Staff at the publishers of The Scotsman newspaper are being invited to share their ideas about the business to the newly-appointed chief executive.
Says an interview with Ashley Highfield, in the weekly online in-house magazine of Johnston Press: “[He] joins Johnston Press with bags of ideas but he also wants to hear how employees see the business. And he’ll listen. He is relaxed, approachable, brimming with enthusiasm and clearly relishing the challenges ahead. The biggest of those, the one that has been perplexing Johnston Press and other players in the industry – how to make more money from digital products – is one of the main reasons the job appealed.”
The former Microsoft vice-president is quoted as saying: “I’m not one of those who subscribe to the theory that we are on an inexorable glide path into oblivion. There’s no reason to believe we have to accept ever declining numbers of readers. There comes a point at which you become relevant to a new audience. One of the exciting challenges is how you educate a younger audience, who only consume online, and get them to fall in love with newspapers.
“In our industry, the amount of information you can easily scan and absorb by reading a newspaper cannot be duplicated online. I subscribe to The Sunday Times and I also have the Sunday Times app. But the app would never be a substitute for the newspaper: I would use them together.”
After looking through 100 or so websites that reflect Johnston Press's 250-plus newspaper titles, he is further quoted, as saying: “The big question is what could they be? How can they be more of the digital campfire around which the voices gather in a community?”
He adds: “One of the things that excites me is where we take our websites from here and what other digital products we launch over time.”
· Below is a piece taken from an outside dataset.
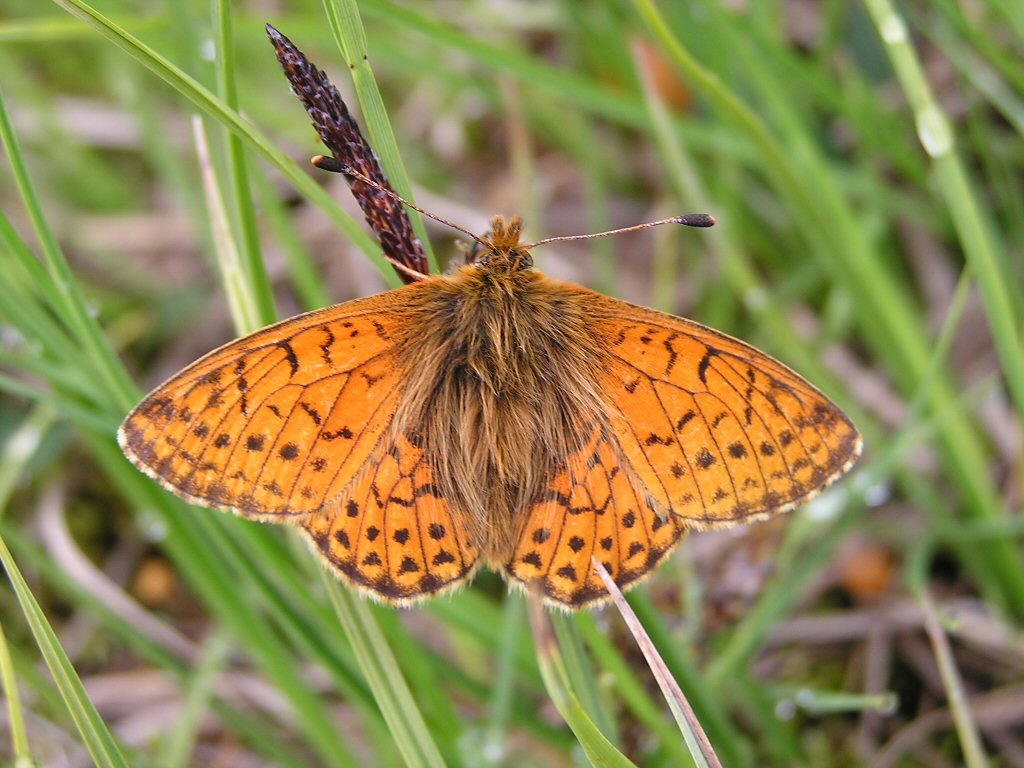 FARFALLA PELOSA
And continues: “It’s an old cliché that content is king but it’s a cliché because it’s true and what Johnston Press has got is some awesome journalism and incredibly strong relationships in communities. The opportunities for an organisation that is, in many towns up and down this country, the only trusted brand, trusted with business and trusted with the audience, are limitless.”
Later in the interview, he says: “We’ve hardly started down the road of apps and one of the reasons I took this job is because I see local media becoming more important, not less important. As more and more people access the internet through devices like iPads and Smartphones – which know their users’ location – I think we’re at the beginning of a point in history where really local content becomes more relevant, more useful and more used.”
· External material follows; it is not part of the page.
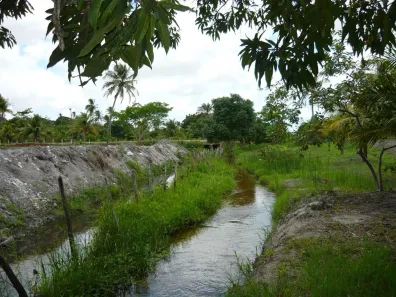 Fazenda/Sítio com 5 Quartos à venda, 15000m² no , São José de Mipibu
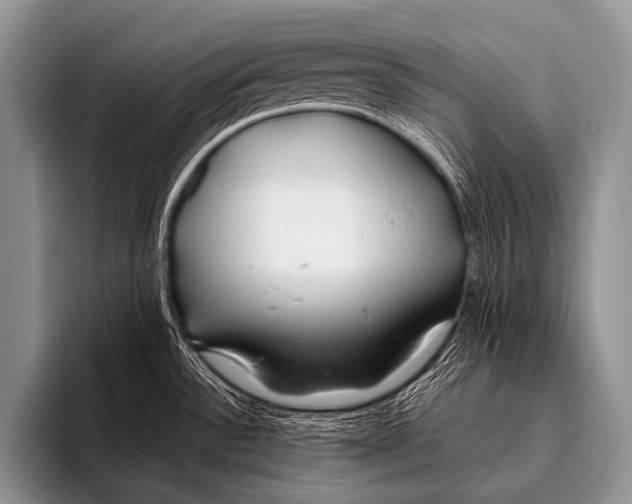 X0000096181532200802081449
He bought around £35,000 worth of Johnston Press shares before joining the company and says he will continue to invest his own money. “I didn’t join the company without a strong belief that we’re going to be able to start growing in the right direction.
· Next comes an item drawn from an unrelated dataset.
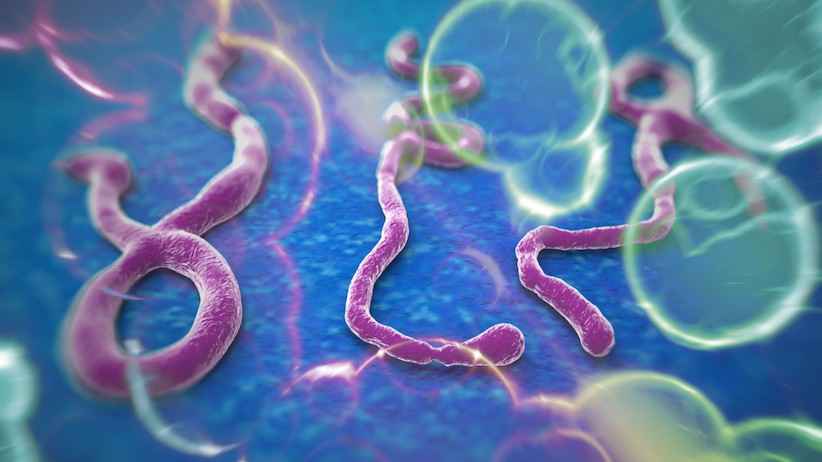 ویروس ابولا خطرناک و کشنده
“Obviously, I have a lot of ideas about that but I’ll keep my powder dry until I’ve had a chance to talk to a lot of people. My next few weeks will be getting out and about, visiting the regions and starting to really understand the issues on the ground and what ideas people have got.”
The 46 year-old holds two non-executive roles – on the boards of William Hill and the British Film Institute.
And his message to staff? “I believe there is a huge amount of hope and reason to be optimistic about the future of Johnston Press. The staff are going to have to take that on trust from me initially but hopefully over time they will start to really believe what I believe, that we can make this migration to a hybrid print and digital business. Yes, that will mean changes in the way we work but it will hopefully make it a really positive and interesting business for the future.”